__Exercise goal__:
Copy everything in the data below exactly except the pictures.

__Exercise data__:
==============================
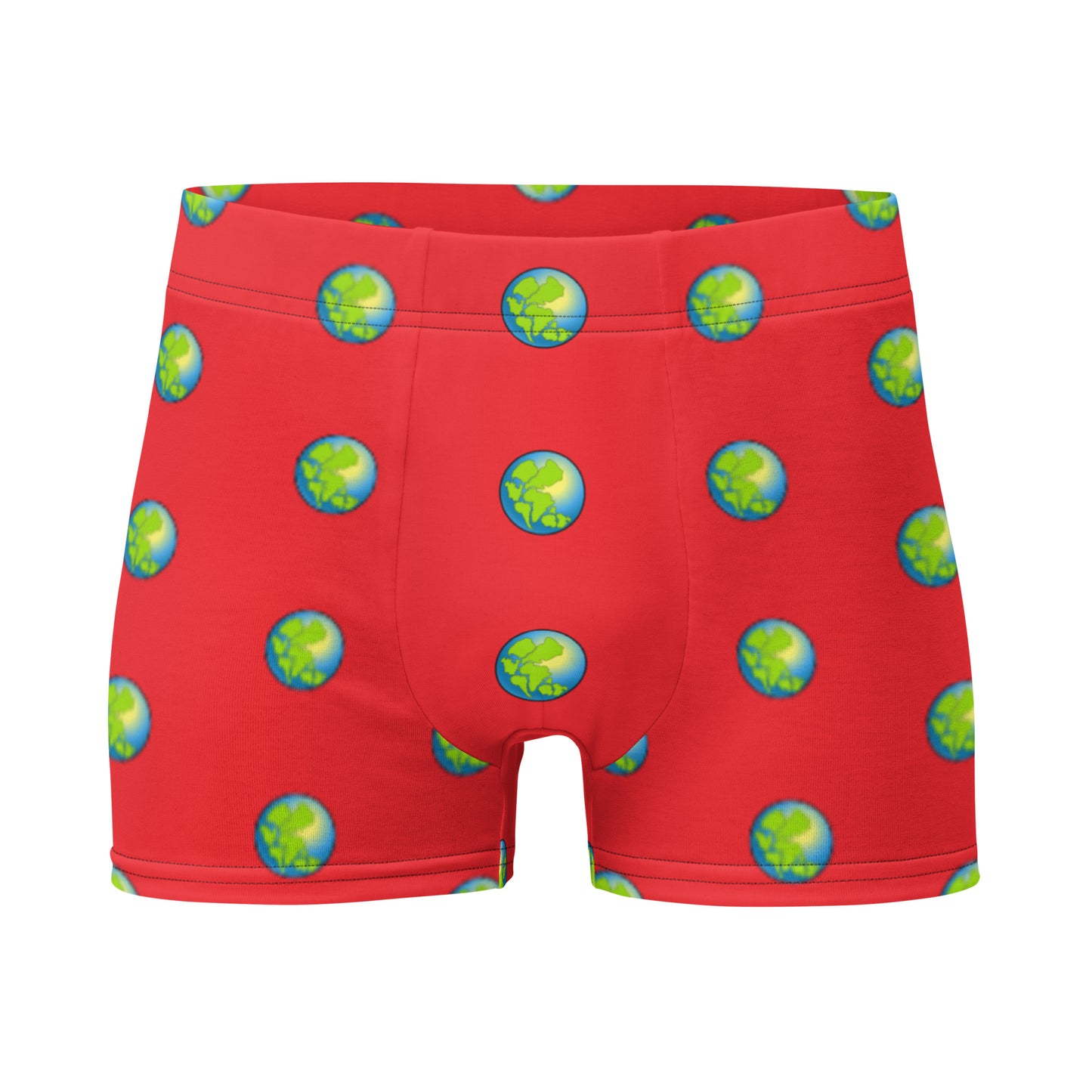 Made World Boxer Briefs (Red)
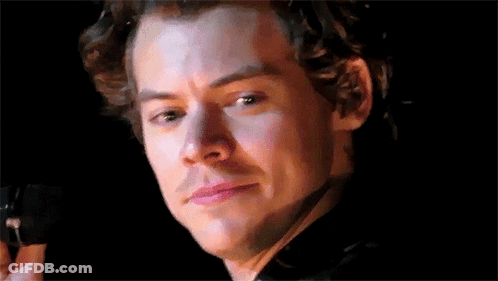 Smiling Man Close Up Black Background GIF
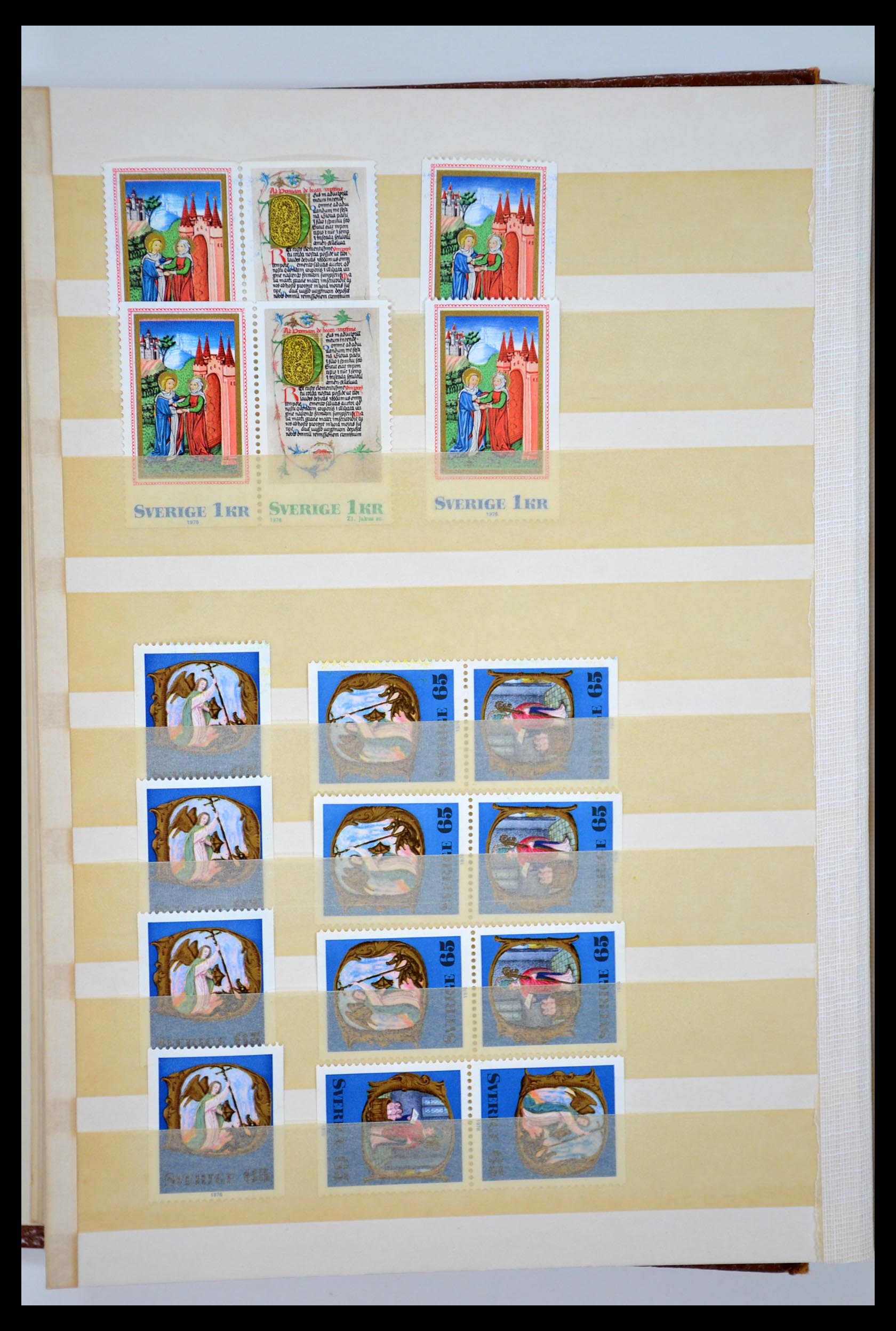 35110 275 - Postzegelverzameling 35110 Zweden 1891-1980.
==============================
__Response to the task__:
 Made World Boxer Briefs (Red)
 Smiling Man Close Up Black Background GIF
 35110 275 - Postzegelverzameling 35110 Zweden 1891-1980.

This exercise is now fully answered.